In the listing below, print exactly the lines between the line holding "Couchtisch mit runder" and the line holding "Утепление фургона в", inclusive, and no more.

## Supplied data
.....

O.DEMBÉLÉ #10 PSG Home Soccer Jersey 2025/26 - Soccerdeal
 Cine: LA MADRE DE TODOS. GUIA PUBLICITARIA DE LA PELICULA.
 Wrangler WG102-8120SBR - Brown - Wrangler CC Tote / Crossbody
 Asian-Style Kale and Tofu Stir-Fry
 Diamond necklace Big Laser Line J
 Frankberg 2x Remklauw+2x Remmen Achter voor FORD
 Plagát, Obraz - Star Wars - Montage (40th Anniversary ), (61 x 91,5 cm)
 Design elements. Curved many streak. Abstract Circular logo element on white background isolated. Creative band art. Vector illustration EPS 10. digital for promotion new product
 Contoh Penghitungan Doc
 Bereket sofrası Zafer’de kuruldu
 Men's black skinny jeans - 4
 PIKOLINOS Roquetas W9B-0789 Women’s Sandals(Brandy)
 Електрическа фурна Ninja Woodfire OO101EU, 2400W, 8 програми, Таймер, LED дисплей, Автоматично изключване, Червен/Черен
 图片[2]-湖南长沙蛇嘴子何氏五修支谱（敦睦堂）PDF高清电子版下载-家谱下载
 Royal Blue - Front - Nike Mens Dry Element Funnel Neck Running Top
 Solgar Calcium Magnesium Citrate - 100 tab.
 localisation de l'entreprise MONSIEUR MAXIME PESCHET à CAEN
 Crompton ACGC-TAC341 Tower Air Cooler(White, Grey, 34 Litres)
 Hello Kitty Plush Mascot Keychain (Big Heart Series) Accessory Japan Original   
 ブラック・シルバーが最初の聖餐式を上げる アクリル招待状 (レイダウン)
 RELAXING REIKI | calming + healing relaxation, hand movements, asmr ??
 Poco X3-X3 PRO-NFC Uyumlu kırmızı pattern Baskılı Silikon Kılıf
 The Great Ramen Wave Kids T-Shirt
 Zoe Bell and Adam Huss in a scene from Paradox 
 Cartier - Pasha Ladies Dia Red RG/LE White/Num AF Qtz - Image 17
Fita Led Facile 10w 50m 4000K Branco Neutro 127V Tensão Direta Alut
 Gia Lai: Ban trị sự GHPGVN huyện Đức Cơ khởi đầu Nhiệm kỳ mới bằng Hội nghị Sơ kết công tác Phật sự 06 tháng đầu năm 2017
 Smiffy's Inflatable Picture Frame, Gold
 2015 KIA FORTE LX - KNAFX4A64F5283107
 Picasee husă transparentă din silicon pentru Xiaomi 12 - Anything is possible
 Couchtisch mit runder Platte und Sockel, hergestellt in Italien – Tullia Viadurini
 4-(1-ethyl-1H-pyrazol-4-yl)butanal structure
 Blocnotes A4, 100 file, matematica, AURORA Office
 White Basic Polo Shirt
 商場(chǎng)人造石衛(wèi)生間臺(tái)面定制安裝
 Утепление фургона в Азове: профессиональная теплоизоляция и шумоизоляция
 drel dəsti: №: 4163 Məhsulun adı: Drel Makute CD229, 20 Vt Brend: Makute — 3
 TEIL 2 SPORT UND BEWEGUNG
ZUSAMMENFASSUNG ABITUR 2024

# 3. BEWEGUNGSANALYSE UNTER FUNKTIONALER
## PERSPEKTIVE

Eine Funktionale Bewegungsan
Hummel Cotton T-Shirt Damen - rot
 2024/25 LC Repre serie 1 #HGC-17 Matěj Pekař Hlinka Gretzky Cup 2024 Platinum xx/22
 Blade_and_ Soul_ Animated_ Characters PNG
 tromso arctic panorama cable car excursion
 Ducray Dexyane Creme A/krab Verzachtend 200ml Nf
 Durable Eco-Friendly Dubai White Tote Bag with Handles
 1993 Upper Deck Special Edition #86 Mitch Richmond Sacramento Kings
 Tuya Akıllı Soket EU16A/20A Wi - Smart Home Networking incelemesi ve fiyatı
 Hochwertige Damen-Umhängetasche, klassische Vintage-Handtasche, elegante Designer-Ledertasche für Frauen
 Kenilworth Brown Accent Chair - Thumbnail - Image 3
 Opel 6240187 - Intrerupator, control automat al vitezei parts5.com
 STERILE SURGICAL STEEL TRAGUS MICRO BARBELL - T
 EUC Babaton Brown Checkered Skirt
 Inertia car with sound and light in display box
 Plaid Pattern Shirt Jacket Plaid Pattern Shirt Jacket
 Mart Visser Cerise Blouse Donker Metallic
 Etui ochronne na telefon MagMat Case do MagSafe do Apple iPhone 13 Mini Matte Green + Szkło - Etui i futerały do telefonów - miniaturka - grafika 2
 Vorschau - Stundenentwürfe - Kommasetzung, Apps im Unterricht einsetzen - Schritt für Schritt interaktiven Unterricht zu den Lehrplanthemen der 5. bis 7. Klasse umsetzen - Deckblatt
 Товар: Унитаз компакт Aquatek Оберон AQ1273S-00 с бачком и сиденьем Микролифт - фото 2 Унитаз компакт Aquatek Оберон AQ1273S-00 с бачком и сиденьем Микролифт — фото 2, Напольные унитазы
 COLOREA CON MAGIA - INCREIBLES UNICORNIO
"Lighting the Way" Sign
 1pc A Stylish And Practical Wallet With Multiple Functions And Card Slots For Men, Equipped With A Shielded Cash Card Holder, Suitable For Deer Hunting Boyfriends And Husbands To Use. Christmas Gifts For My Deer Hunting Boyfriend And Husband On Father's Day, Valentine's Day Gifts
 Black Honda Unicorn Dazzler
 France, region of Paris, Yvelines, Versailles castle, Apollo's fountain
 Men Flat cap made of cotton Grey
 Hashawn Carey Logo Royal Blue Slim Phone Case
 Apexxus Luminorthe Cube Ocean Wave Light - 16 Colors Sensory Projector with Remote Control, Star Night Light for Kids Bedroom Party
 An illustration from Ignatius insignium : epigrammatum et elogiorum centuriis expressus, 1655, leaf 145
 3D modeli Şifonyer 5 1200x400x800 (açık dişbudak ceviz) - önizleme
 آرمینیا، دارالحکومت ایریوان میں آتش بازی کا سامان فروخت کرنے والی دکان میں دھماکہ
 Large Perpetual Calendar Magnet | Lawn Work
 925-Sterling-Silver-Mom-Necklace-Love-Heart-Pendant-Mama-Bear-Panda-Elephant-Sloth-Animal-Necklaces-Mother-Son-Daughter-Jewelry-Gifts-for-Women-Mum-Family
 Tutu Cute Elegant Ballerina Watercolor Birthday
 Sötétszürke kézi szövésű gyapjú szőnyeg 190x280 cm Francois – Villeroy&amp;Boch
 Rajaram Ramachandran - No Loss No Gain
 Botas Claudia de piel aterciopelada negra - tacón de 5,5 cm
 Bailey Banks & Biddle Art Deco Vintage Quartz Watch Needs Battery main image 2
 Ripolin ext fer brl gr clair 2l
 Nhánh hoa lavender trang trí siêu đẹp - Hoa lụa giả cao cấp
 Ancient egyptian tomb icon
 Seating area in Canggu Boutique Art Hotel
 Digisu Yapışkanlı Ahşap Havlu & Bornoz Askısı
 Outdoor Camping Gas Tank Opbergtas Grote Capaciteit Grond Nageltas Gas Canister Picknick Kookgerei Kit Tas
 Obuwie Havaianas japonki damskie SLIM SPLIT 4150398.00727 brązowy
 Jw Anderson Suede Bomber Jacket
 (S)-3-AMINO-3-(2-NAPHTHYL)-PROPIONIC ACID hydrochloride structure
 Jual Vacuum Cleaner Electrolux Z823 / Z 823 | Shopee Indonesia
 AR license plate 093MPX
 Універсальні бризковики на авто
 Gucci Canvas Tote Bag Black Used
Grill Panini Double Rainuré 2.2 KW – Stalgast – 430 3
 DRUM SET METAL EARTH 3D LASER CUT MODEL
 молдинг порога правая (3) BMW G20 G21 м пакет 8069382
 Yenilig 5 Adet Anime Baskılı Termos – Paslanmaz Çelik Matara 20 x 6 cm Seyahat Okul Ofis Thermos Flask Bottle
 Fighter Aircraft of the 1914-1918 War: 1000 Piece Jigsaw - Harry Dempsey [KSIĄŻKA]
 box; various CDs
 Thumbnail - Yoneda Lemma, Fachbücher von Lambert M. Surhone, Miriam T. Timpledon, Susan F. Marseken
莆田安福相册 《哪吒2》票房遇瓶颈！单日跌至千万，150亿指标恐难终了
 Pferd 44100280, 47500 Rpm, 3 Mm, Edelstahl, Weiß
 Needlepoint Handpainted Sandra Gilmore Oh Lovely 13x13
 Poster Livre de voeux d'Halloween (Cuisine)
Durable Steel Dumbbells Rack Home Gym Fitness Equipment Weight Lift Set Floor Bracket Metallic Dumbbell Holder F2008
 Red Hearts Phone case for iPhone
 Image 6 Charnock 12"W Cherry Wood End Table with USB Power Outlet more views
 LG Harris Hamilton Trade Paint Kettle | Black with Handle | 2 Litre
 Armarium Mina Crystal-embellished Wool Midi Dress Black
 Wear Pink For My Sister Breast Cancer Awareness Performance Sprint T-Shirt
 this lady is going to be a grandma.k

.....

## Written solution
 Couchtisch mit runder Platte und Sockel, hergestellt in Italien – Tullia Viadurini
 4-(1-ethyl-1H-pyrazol-4-yl)butanal structure
 Blocnotes A4, 100 file, matematica, AURORA Office
 White Basic Polo Shirt
 商場(chǎng)人造石衛(wèi)生間臺(tái)面定制安裝
 Утепление фургона в Азове: профессиональная теплоизоляция и шумоизоляция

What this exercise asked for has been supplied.